Não sou totalmente contra as reformas em discussão. Acho que há fatos novos que justificam a adoção de providências corretivas. Fica claro, por exemplo, que com as pessoas vivendo mais e em melhores condições de saúde torna-se razoável que o limite de idade para a aposentadoria aumente. Também concordo que contribuições para sindicatos, tanto de trabalhadores, quanto para os patronais (incluindo o Sistema S), passem a ser voluntárias e não compulsórias.
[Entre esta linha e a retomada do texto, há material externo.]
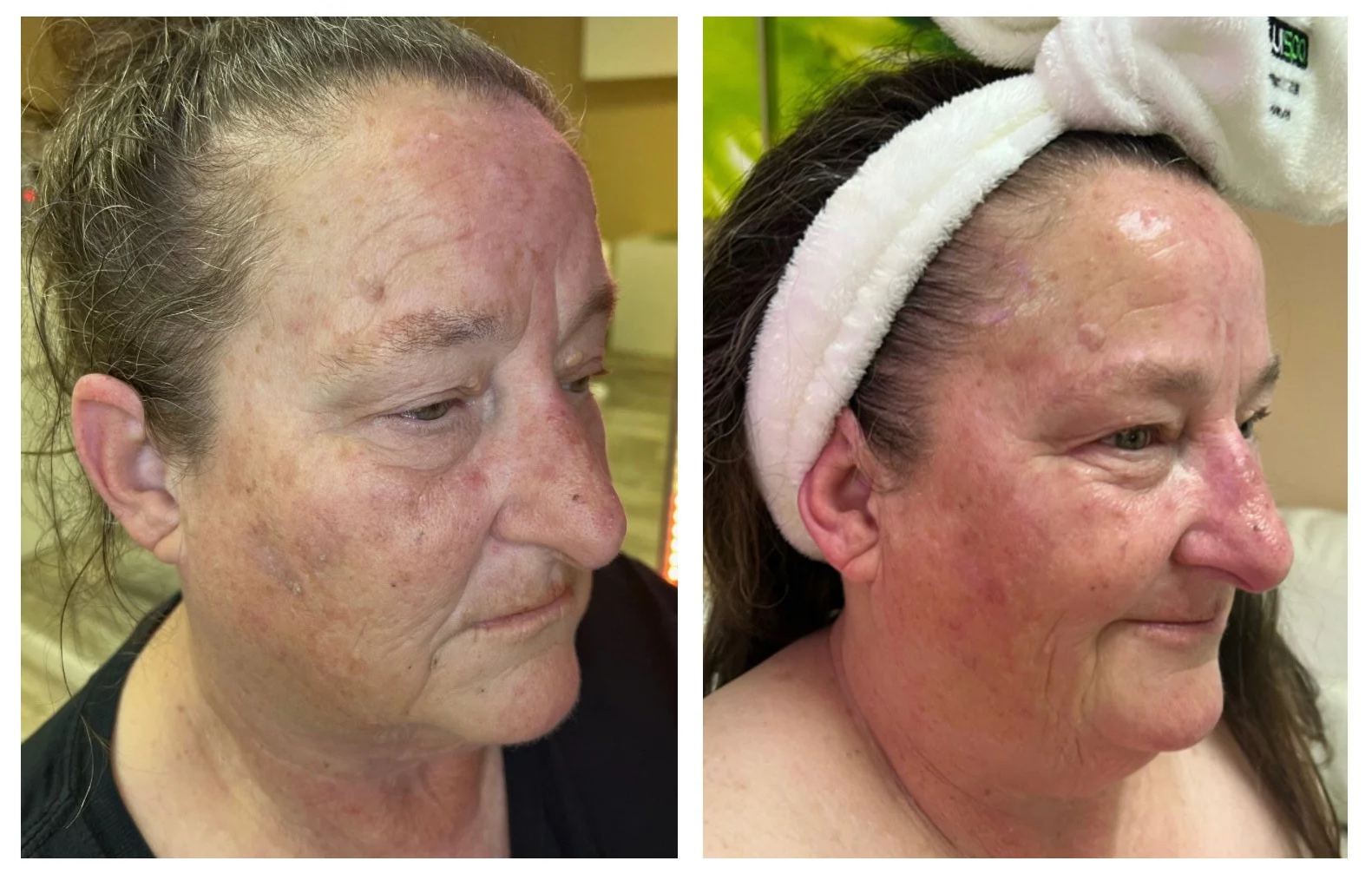 Before and after facial treatment showcasing improved skin texture and reduced wrinkles on an older person.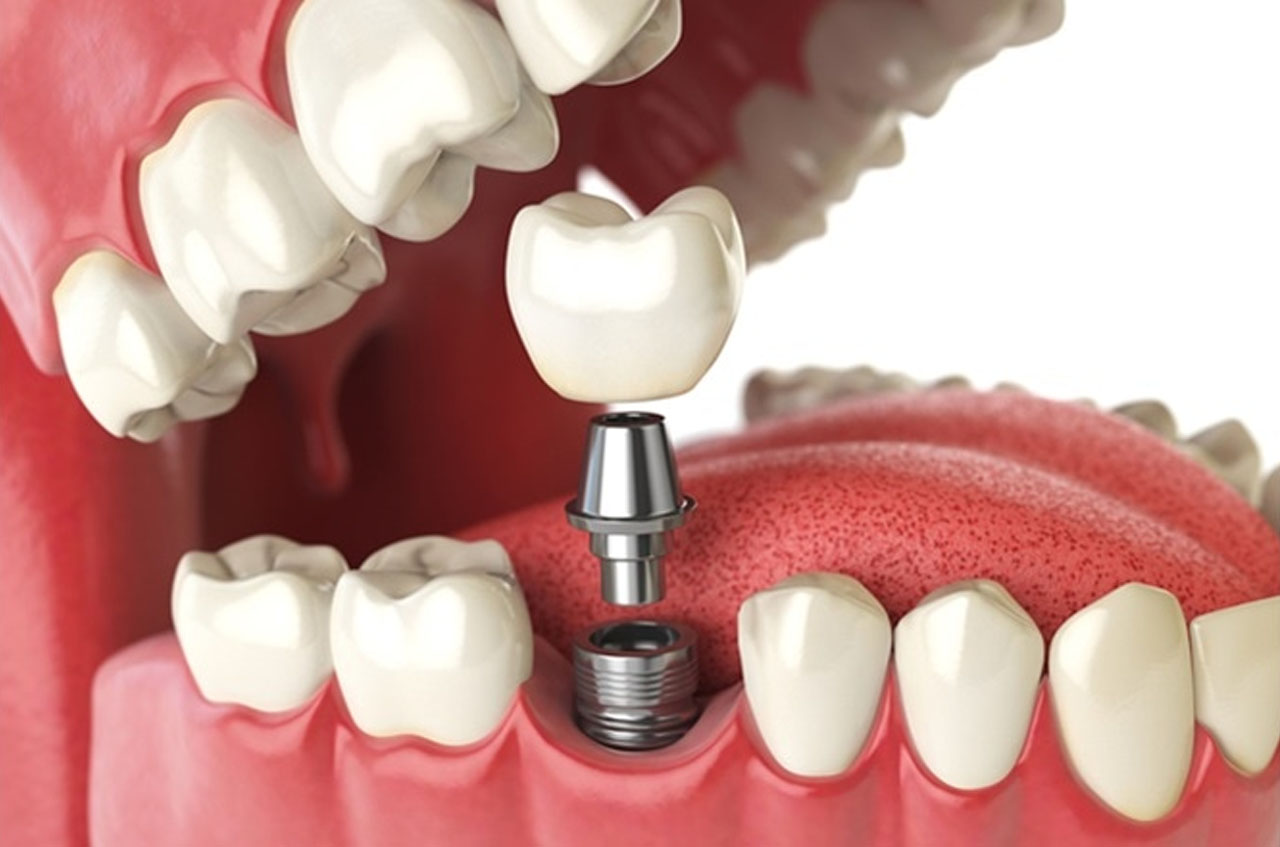 dental implant In Kolkta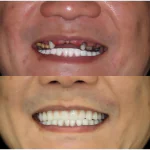 Same-Day Dental Implants Case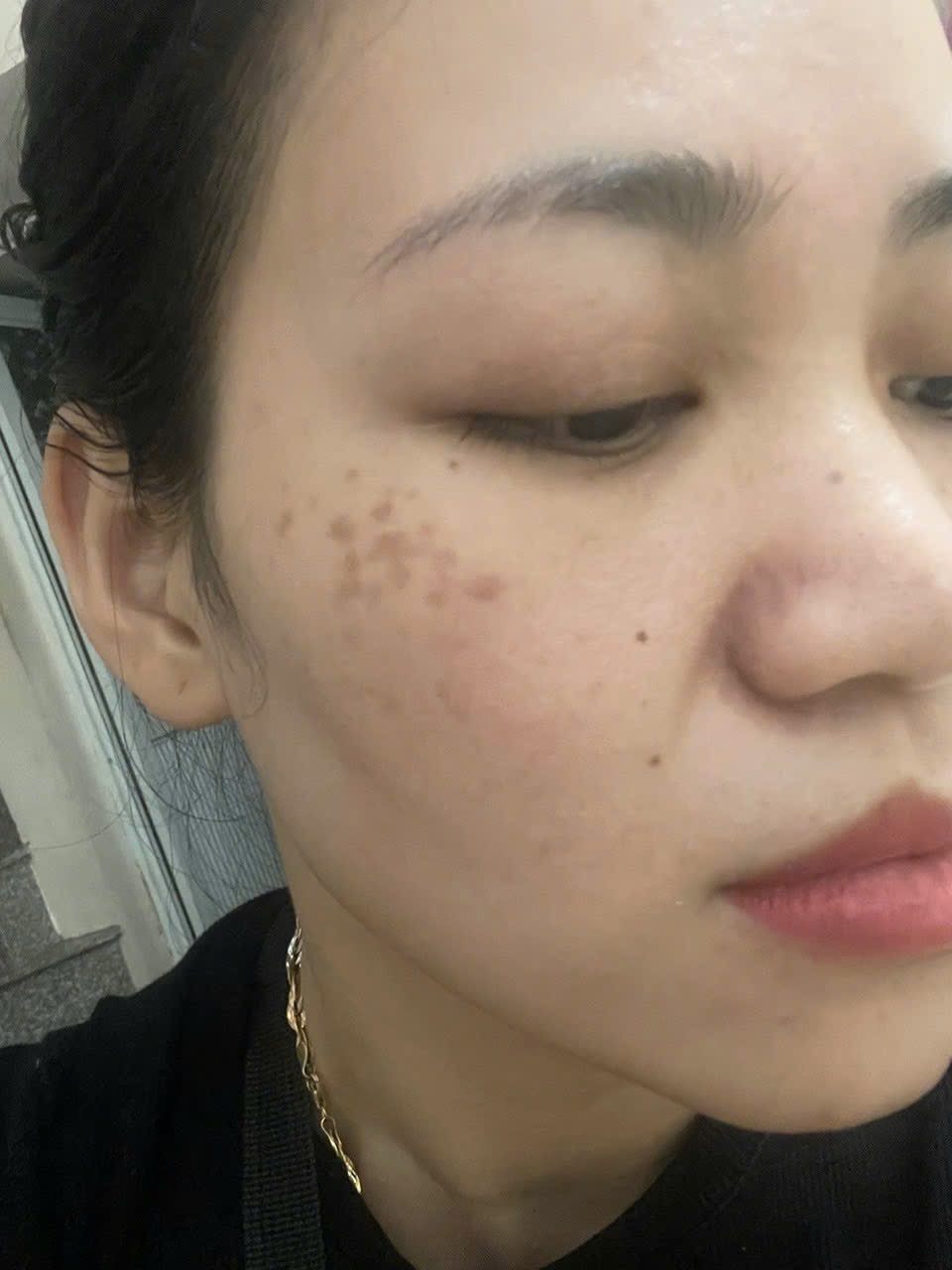 Cấp ẩm và HA cho da dầu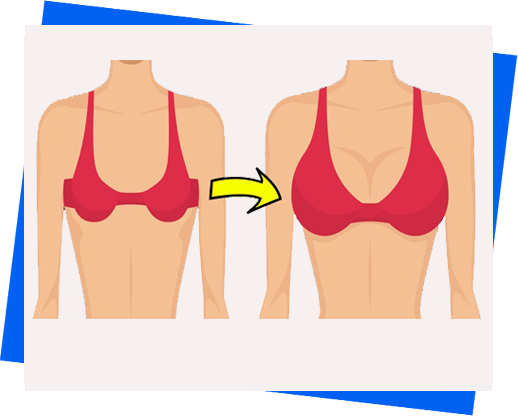 breast-enhancement-in-natural-way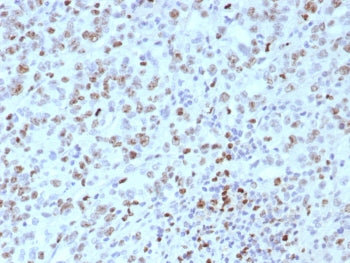 IHC staining of FFPE human Lynch disease colon tissue with MLH1 antibody (clone rMLH1/8630). HIER: b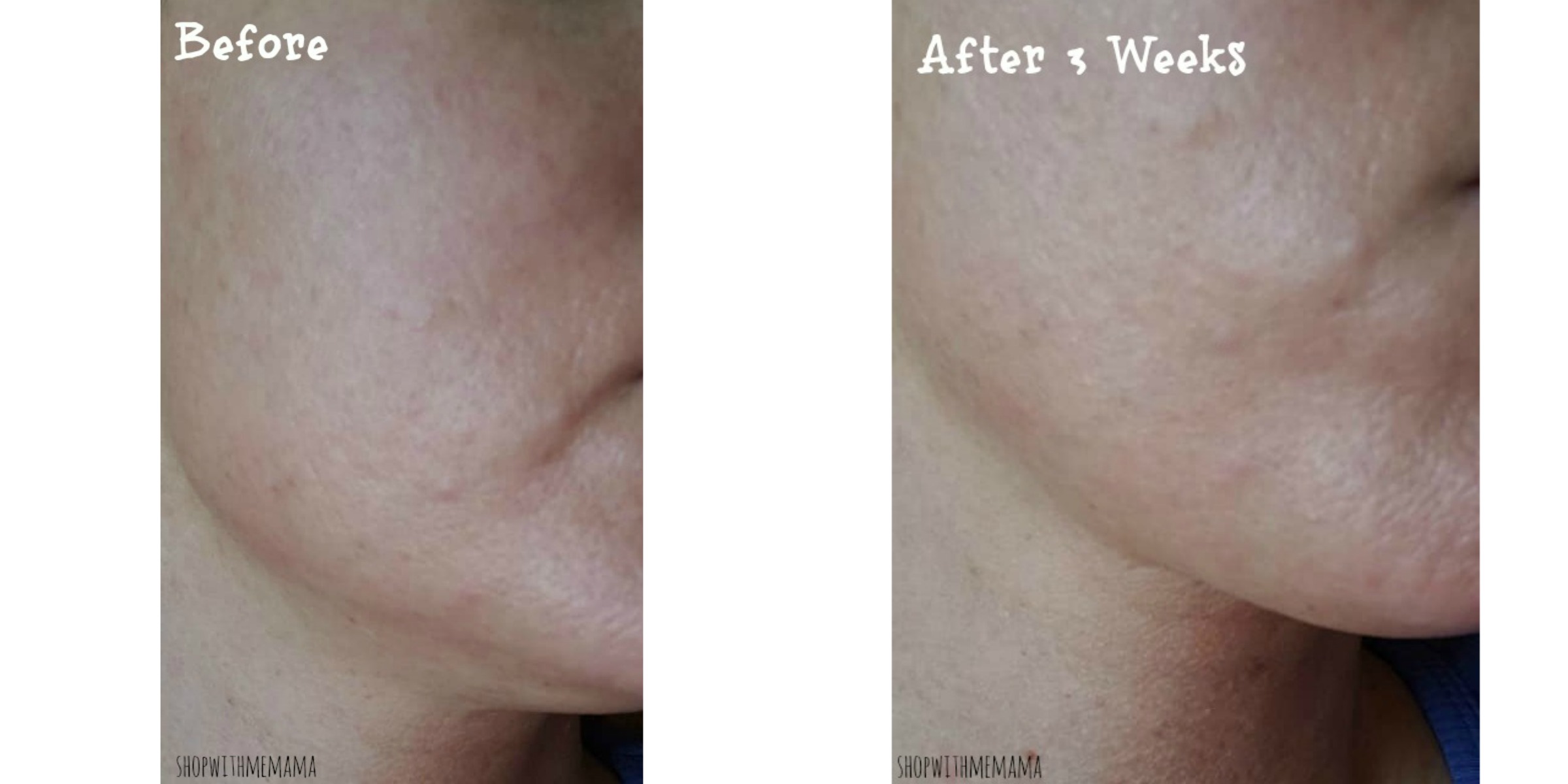 Skincare Laser before and after photos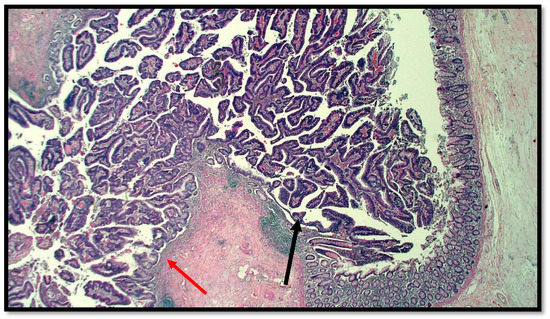 Mucinous adenocarcinoma of the appendix (MACA). a High-grade atypia and...  | Download Scientific Diagram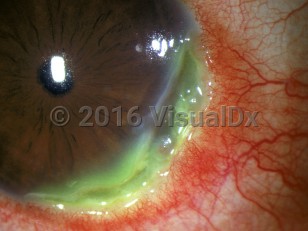 Ophthalmic Imaging image of Marginal keratitis - imageId=2977593. Click to open in gallery. 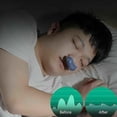 thumbnail image 2 of Dispositivo antirronquidos de ruido micro eléctrico Apnea del sueño Stop Snore Aid Stopper.blue,11 Feliz Sencillez, 2 of 5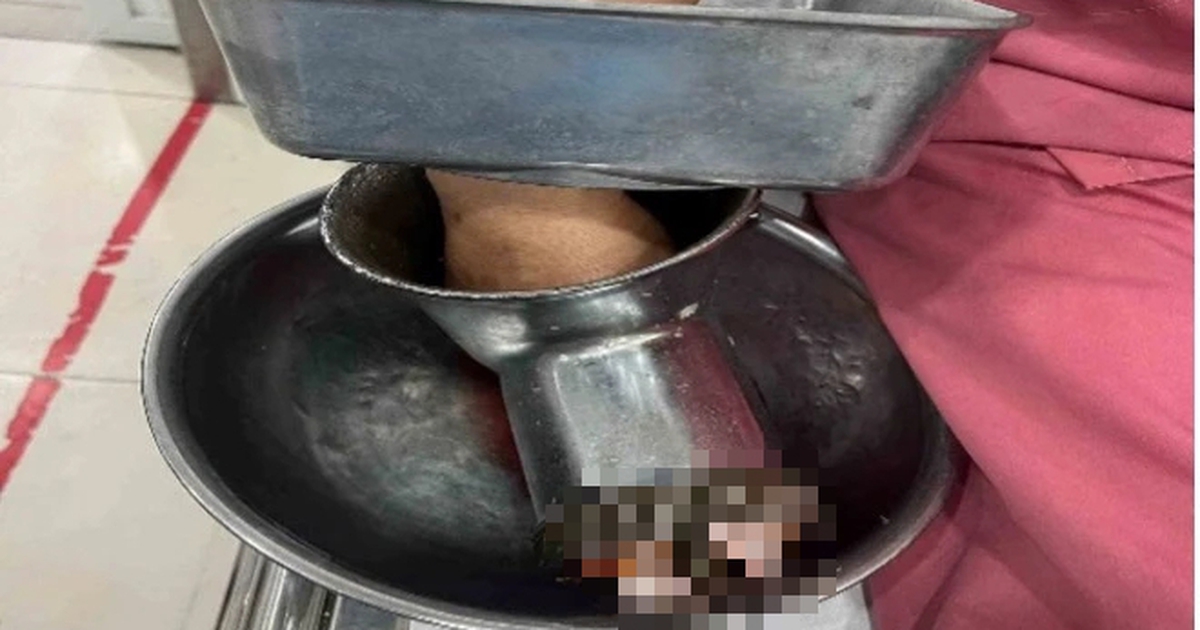 Bị máy xay thịt "nuốt" bàn tay, người phụ nữ ở TP.HCM phải cắt cụt 3 ngón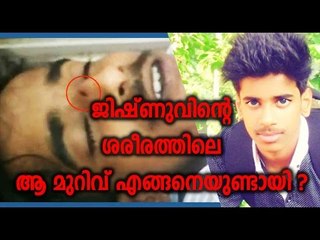 ജിഷ്ണുവിന്റെ പോസ്റ്റ്‌മോര്‍ട്ടം റിപ്പോര്‍ട്ട് | Oneindia Malayalam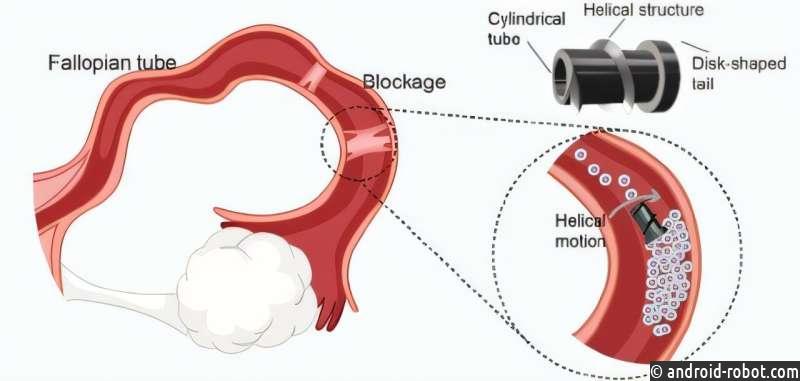 Роботизированные микровинты с магнитным приводом предлагают новое решение для лечения непроходимости маточных труб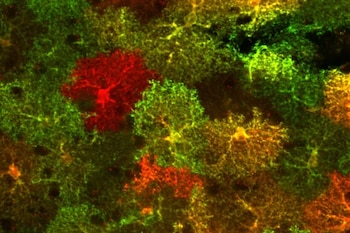 Los astrocitos, células cerebrales antes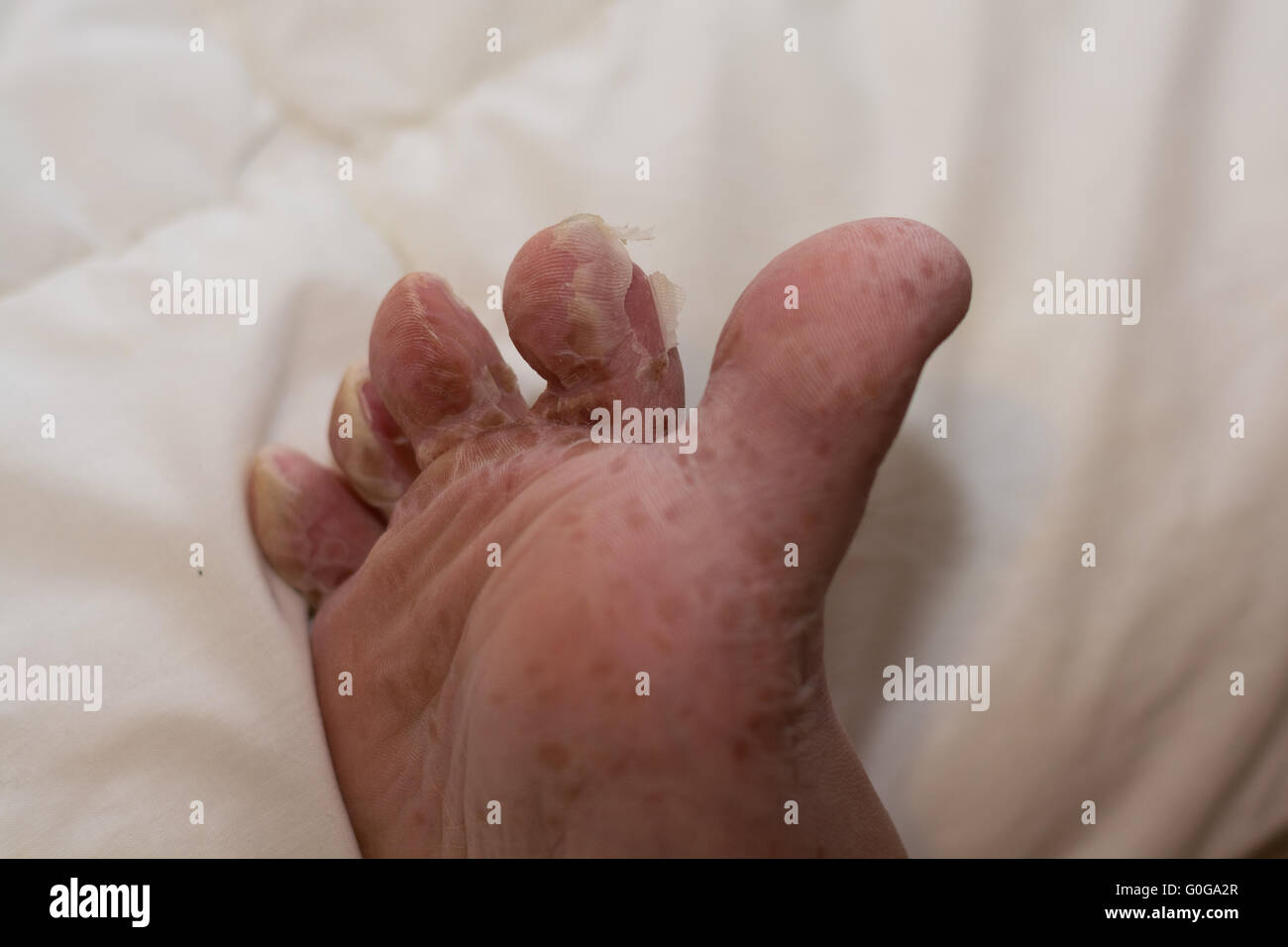 Schälen der Haut nach viralen Hautkrankheit - Closeup Fuß Stockfotografie -  Alamy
Discordo, todavia, de vários pontos polêmicos, como o que, em nome do funcionamento do sistema previdenciário no futuro, dificulta-se o acesso a aposentadoria para uns, mantendo-se, porém, os privilégios de outros. Ou o que estabelece a prevalência do acordado sobre o legislado nas negociações entre patrões e empregados. Entendo que a correlação de forças entre capital e trabalho é desigual, em desfavor da parte que congrega os trabalhadores.

Mas o que não dá para aceitar, passivamente, é o açodamento com que essas medidas estão sendo conduzidas no âmbito de um Parlamento desacreditado, com boa parte de seus integrantes envolta em denúncias de corrupção, sem levar em conta a opinião de milhões de cidadãos brasileiros, justo aqueles sobre os quais pairam as ameaças de supressão de direitos histórica e arduamente conquistados.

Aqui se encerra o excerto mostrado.